Exercise directions: Transcribe only the lines in the data below falling between the line with "Vivo phone me" and the line with "陶艺釉下万能顺滑剂柔顺剂釉料颜料添加剂笔杆流畅顺滑上釉", including those two lines, and leave out any picture.
===== Input for this task
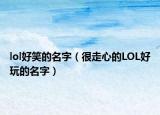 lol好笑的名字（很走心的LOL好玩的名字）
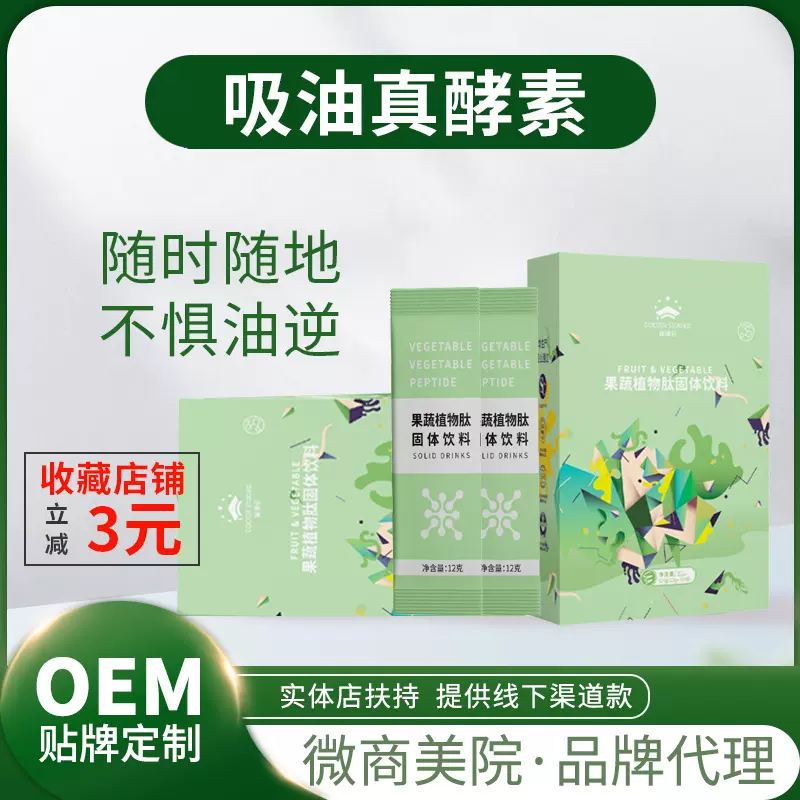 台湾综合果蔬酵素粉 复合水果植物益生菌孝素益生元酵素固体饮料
==========
===== Input for this task
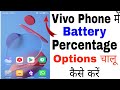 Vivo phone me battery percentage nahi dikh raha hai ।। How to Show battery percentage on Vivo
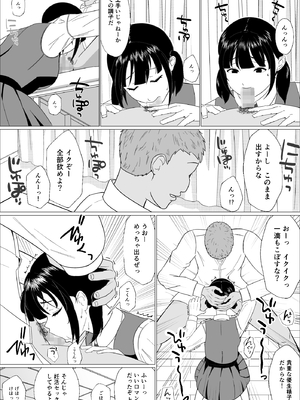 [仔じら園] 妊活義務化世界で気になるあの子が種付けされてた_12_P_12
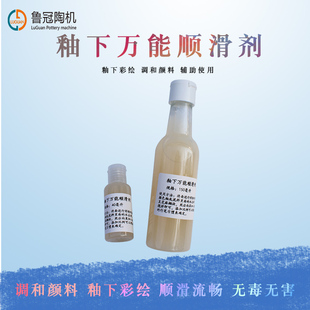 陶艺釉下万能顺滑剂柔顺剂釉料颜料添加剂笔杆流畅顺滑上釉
==========
===== Input for this task
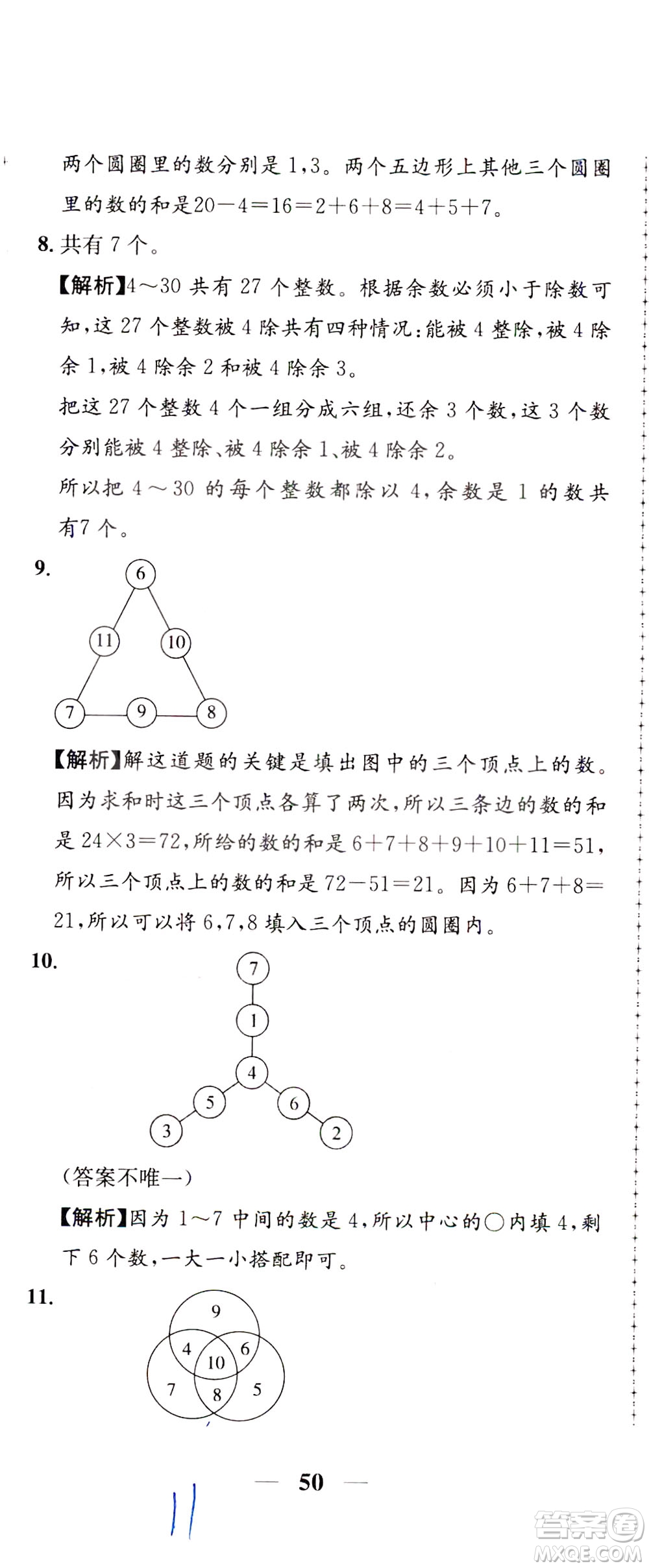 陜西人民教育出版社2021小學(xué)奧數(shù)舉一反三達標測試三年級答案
==========
Solution for this task:
 Vivo phone me battery percentage nahi dikh raha hai ।। How to Show battery percentage on Vivo
 [仔じら園] 妊活義務化世界で気になるあの子が種付けされてた_12_P_12
 陶艺釉下万能顺滑剂柔顺剂釉料颜料添加剂笔杆流畅顺滑上釉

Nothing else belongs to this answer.